Alors que l’été rime avec blockbusters, le réalisateur espagnol Víctor Iriarte nous propose dès ce mercredi un thriller sentimental intitulé « Dos Madres ». Ce long-métrage très réussi s’inspire d’un scandale d’état, celui des enfants volés du franquisme. Il suit les péripéties de Véra (Lola Dueñas), a la recherche de son fils, qu’on lui a arraché le jour de l’accouchement.

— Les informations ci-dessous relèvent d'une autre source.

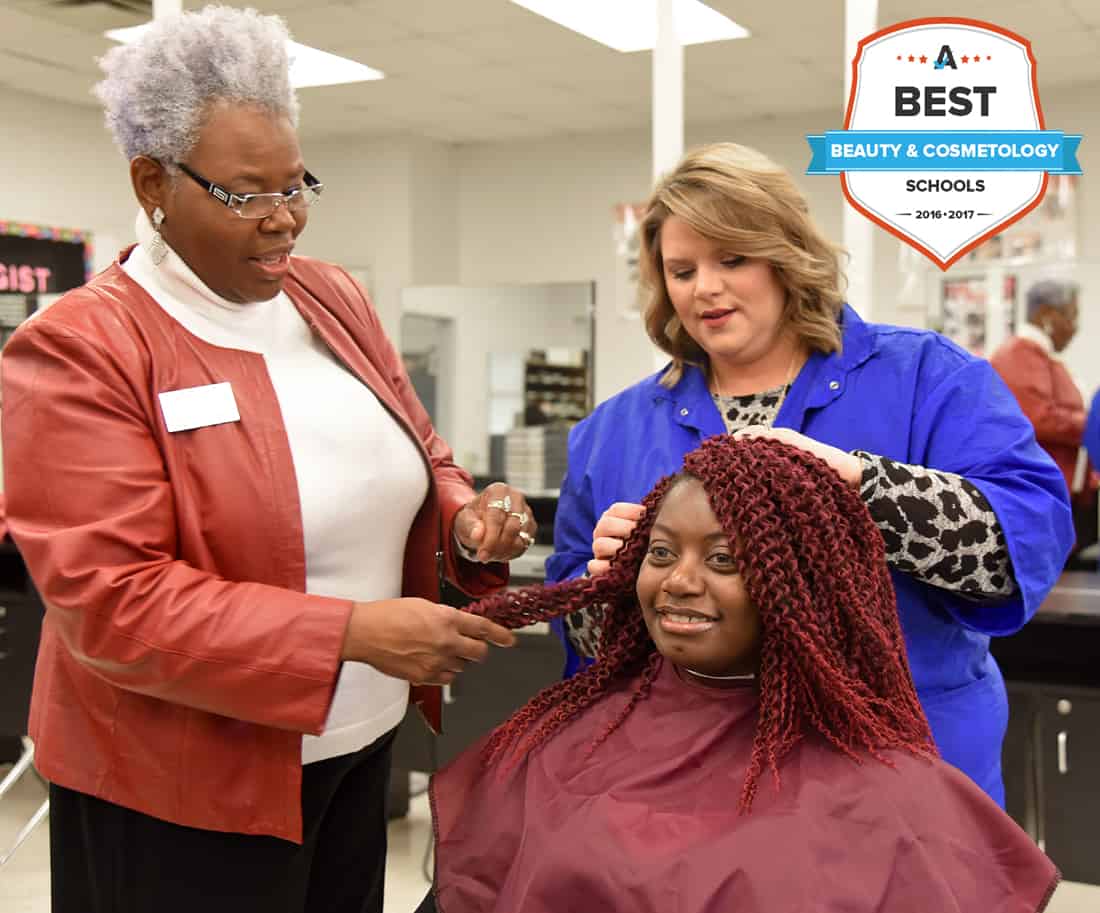 SGTC Cosmetology instructor Dorothea McKenzie (left) is pictured with Cosmetology students Morgan Whaley (standing) and Sabrina Kelley. The Cosmetology program was recently recognized as a top cosmetology program in the country.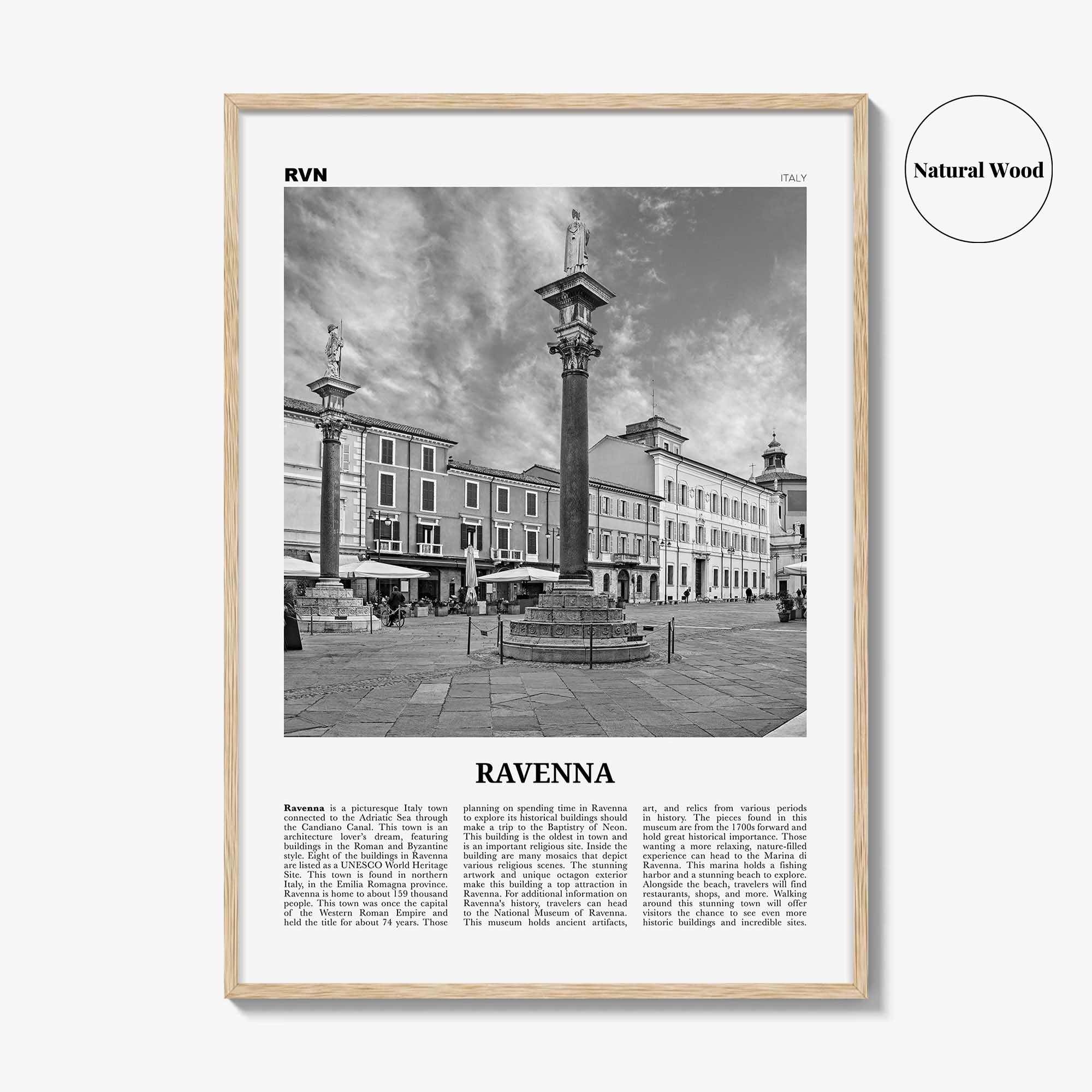 Ravenna Print Black and White, Ravenna Wall Art, Ravenna Poster, Ravenna Photo, Ravenna Wall Décor, Ravenna Map, Italy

Ce mercredi 17 juillet, sort au cinéma, le long-métrage « Dos Madres » du réalisateur espagnol Víctor Iriarte. Ce thriller poétique s’inspire d’un scandale d’état, celui des enfants volés pendant et après la dictature franquiste. Il met en scène une longue période, de la fin des années 1930 jusqu’aux années 1980 pour mieux étaler la laideur d’une pratique politique face à l’abnégation et l’amour exceptionnels d’une mère qui n’a jamais abandonné l’idée de retrouver son fils, qu’on lui a arraché le jour de l’accouchement.
Plus de 300 000 bébés enlevés sous Franco et après lui
Petit rappel historique. Sous le régime franquiste, plus de 300 000 bébés ont été retirés à leurs mères pour les placer dans des familles acquises au régime. Pourquoi ? Le pouvoir voulait les éloigner de la prétendue mauvaise influence politique de leurs mères. Il craignait que celles-ci leur transmettent des « gènes du marxisme ». Cette idée cynique serait celle d’un psychiatre fou conseiller du général dictateur. À la mort de Franco, les enlèvements ont continué, avec la complicité des hôpitaux, des administrations et même de l’Église catholique.
Un documentaire sur ce fait paru en 2010
Ce scandale d’Etat a été très tardivement révélé, plus de vingt ans après la disparition du dictateur. En 2010, un documentaire, Les Enfants volés du franquisme, diffusé par la télévision espagnole exposait ce système d’enlèvements ignoble. Avec Dos Madres, Víctor Iriarte revient lui aussi sur cette sinistre affaire. Le réalisateur espagnol utilise une forme de délicatesse poétique pour mieux raconter cette histoire douloureuse. Il s’appuie aussi et surtout sur deux actrices célèbres du cinéma espagnol.
Dos Madres, l’histoire de trois victimes du franquisme
Il s’agit d’Ana Torrent (L’Esprit de la ruche, Cría Cuervos, Fermer les yeux, etc.) et Lola Dueñas, l’une des interprètes fétiches de Pedro Almodovar. Les deux comédiennes ont su jouer leur partition, au rythme de la musique, du mouvement et des silences du récit. Dos Madres raconte l’histoire de Véra (Lola Dueñas), une femme qui n’a jamais abandonné l’idée de retrouver son fils, Egoz (Manuel Egozkue), dont on l’a séparé pendant la dictature franquiste. Quelques années plus tard, le bébé est devenu jeune adulte et vit chez Cora (Ana Torrent), sa mère adoptive, elle aussi victime du système.
Dos Madres, véritable polar avec des enquêtes périlleuses et des opérations clandestines
Véra a tout essayé pour retrouver son petit, allant jusqu’à harceler les autorités. Mais son dossier a mystérieusement disparu des archives espagnoles. Et l’administration corrompue ne veut rien lui dire. Alors elle entre dans l’illégalité pour obtenir les informations qu’elle recherche. Véra mène notamment des enquêtes périlleuses, organise des opérations clandestines et des rendez-vous secrets. On plonge alors dans un polar. La guérillera urbaine solitaire finit par retrouver le garçon qu’elle cherchait et sa mère adoptive. Les trois essaient alors de panser les blessures du passé et remettre les choses à leur place.
Au-delà du besoin de justice, des questions existentielles dans Dos Madres
Avec ce film poignant d’ 1h 49 min, Víctor Iriarte rouvre les archives espagnoles pour parler d’un fait qui reste pratiquement tabou à ce jour. En Espagne, il est toujours difficile d’évoquer la guerre civile et la dictature franquiste. Tout se passe comme si les gens préfèrent occulter un pan de la mémoire collective. Après que le scandale des kidnappings d’enfants a éclaté, les autorités ont choisi l’amnistie générale. Or, dans les dictatures d’Amérique latine, où des faits similaires se sont produits, il y a eu des jugements et des condamnations. Mais, au-delà du besoin de mémoire et de justice, Víctor Iriarte analyse autre chose dans son œuvre cinématographique. Il questionne aussi la maternité, la filiation et l’identité.